### Work instructions
All of the data below should be repeated exactly. Pictures should not be included.

### Dataset section
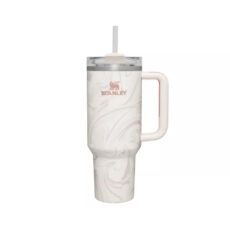 ماگ سفری استنلی مدل Quencher H2.0 FlowState Tumbler گنجاش 1.18 لیتر
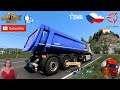 Schmitz SKI18 & 24 Tipper Trailer 1.43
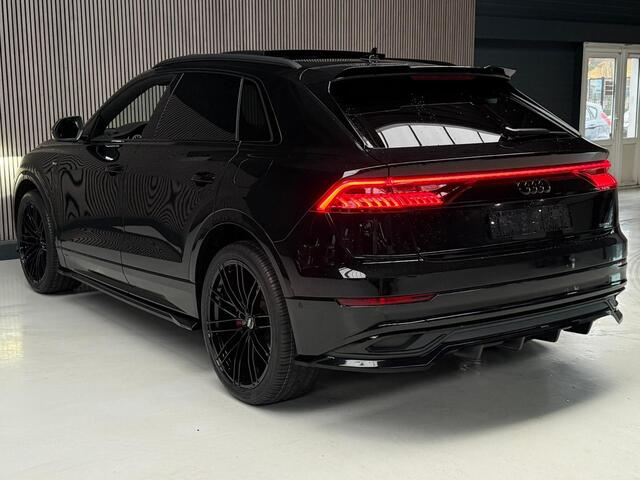 Audi Q8 55 TFSI e quattro Pro Line S ABT Exclusive Vol | Pano | Head Up | 360 Camera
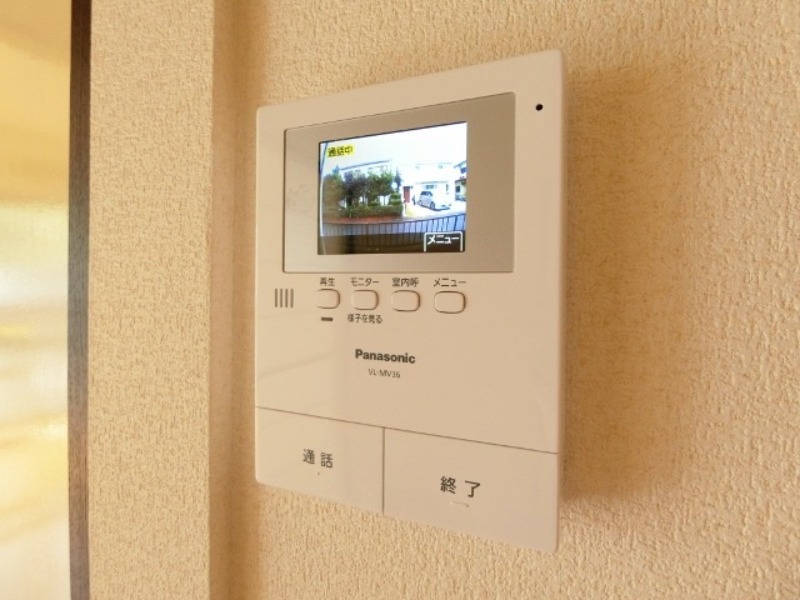 セキュリティ　図面と現状に相違がある場合には現状を優先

### Answer space
 ماگ سفری استنلی مدل Quencher H2.0 FlowState Tumbler گنجاش 1.18 لیتر
 Schmitz SKI18 & 24 Tipper Trailer 1.43
 Audi Q8 55 TFSI e quattro Pro Line S ABT Exclusive Vol | Pano | Head Up | 360 Camera
 セキュリティ　図面と現状に相違がある場合には現状を優先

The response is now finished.